Task statement: From the data that follows, set down exactly the lines from the one with "There are a" through the one with "Hello, welcome to", counting both. Pictures stay out.

Data provided:
-.-.-

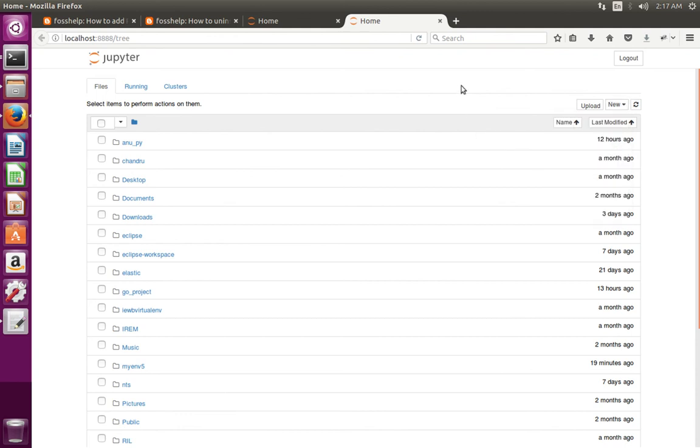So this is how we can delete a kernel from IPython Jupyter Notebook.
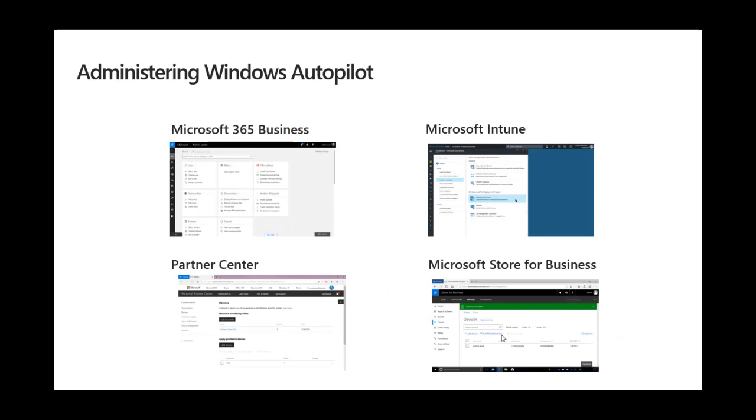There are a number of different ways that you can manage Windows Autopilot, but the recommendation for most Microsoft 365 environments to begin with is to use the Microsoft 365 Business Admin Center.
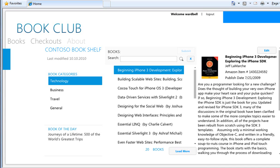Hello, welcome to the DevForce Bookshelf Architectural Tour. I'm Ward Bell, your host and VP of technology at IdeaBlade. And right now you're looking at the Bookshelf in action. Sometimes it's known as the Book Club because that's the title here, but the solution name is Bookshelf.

-.-.-

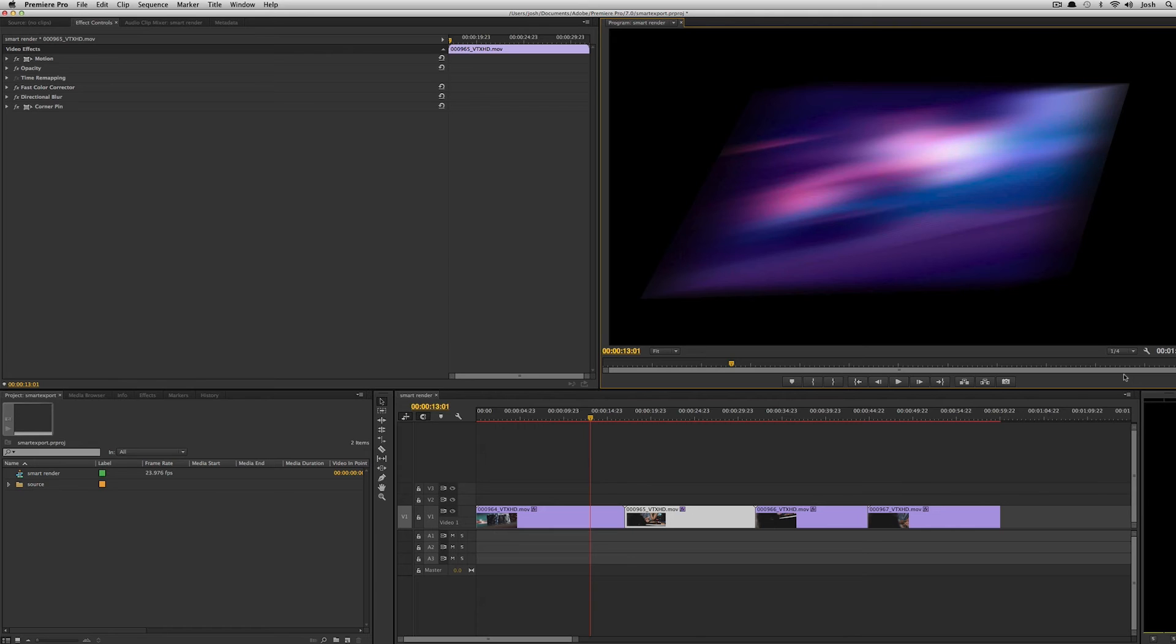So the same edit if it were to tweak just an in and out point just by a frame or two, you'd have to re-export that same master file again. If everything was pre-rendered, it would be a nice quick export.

-.-.-

Solution for this exercise:
There are a number of different ways that you can manage Windows Autopilot, but the recommendation for most Microsoft 365 environments to begin with is to use the Microsoft 365 Business Admin Center.
Hello, welcome to the DevForce Bookshelf Architectural Tour. I'm Ward Bell, your host and VP of technology at IdeaBlade. And right now you're looking at the Bookshelf in action. Sometimes it's known as the Book Club because that's the title here, but the solution name is Bookshelf.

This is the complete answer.